Indeed, Justice Clarence Thomas, writing in support of the majority in Dobbs, indicated that all decisions based on “due process” might be revisited.

Thomas wrote, “In future cases, we should reconsider all of this Court’s substantive due process precedents, including Griswold, Lawrence, and Obergefell.”

Griswold legalized contraception without any restrictions, Lawrence tossed out laws criminalizing same-sex relationships, while Obergefell recognized a right for gays to marry. Are the left’s nightmares about the end of Roe coming true?

Not hardly.

The Hill:

While Thomas’s comments outline the worst-case scenario for the majority’s liberal critics, it’s unclear whether the other conservative justices are willing to go as far as the court’s most senior member.

Alito stressed in the majority opinion that his reasoning applies only to abortion and rejected any assertions that the rationale in Dobbs could extend to Griswold, Lawrence or Obergefell.

“Nothing in this opinion should be understood to cast doubt on precedents that do not concern abortion,” Alito wrote.

No doubt, there will be some conservative groups who will argue that Dobbs opens the door for the repeal of gay rights, contraceptive laws, and other “due process” cases.
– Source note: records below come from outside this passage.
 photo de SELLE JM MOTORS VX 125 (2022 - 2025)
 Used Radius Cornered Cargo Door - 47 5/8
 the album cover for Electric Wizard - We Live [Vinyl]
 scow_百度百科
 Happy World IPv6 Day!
But they’re not likely to get very far.

The same reasoning used by Alito to overturn Roe conflicts with other precedents that legalize gay marriage and contraceptives, as he pointed out in his carefully worded opinion.

“We have also explained why that is so: rights regarding contraception and same-sex relationships are inherently different from the right to abortion because the latter (as we have stressed) uniquely involves what Roe and Casey termed ‘potential life.’”
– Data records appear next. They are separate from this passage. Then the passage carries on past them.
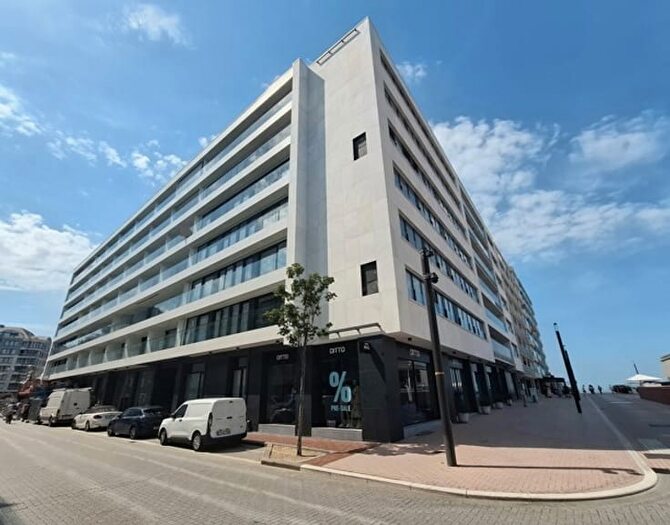 Appartement te koop in Knokke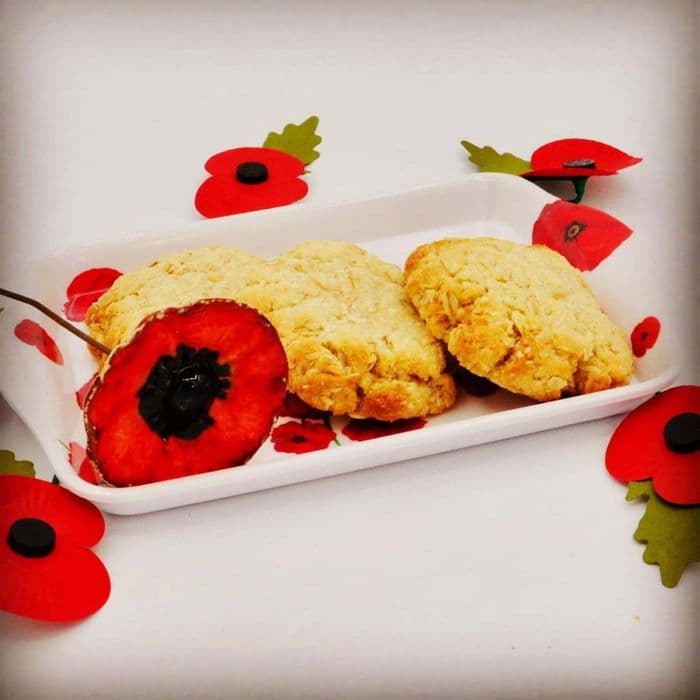 Illustration de l'événement : /!\ COMPLET /!\ Atelier Anzac Biscuit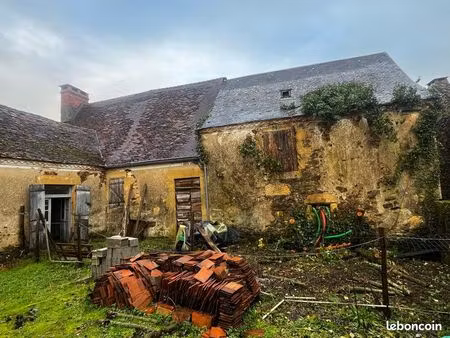 maison ancienne à vendre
But what about Thomas’s concurring assertion that other due process cases should be examined? As a matter of law, a concurrence carries very little weight. It’s Alito’s majority opinion that all six justices signed off on that matters. Thomas’s opinion is just that — an opinion.

Of course, the liberal justices pointed to Thomas’s concurrence to warn about other rights under threat.

The liberal dissenters used Thomas’ concurrence to go after Alito’s assurances that the court was not putting those precedents at risks by overturning Roe.

“The first problem with the majority’s account comes from JUSTICE THOMAS’s concurrence — which makes clear he is not with the program. In saying that nothing in today’s opinion casts doubt on non-abortion precedents, JUSTICE THOMAS explains, he means only that they are not at issue,” the liberals wrote, as they quoted from Thomas’ concurrence.

Others on the left will almost certainly point to Thomas’s concurring brief rather than Alito’s majority opinion. This battle is in the political arena now and trying to frighten women with scare talk about losing the ability to purchase contraception, or frighten gay people by proclaiming the imminent end lof gay marriage is a political tactic, not reality.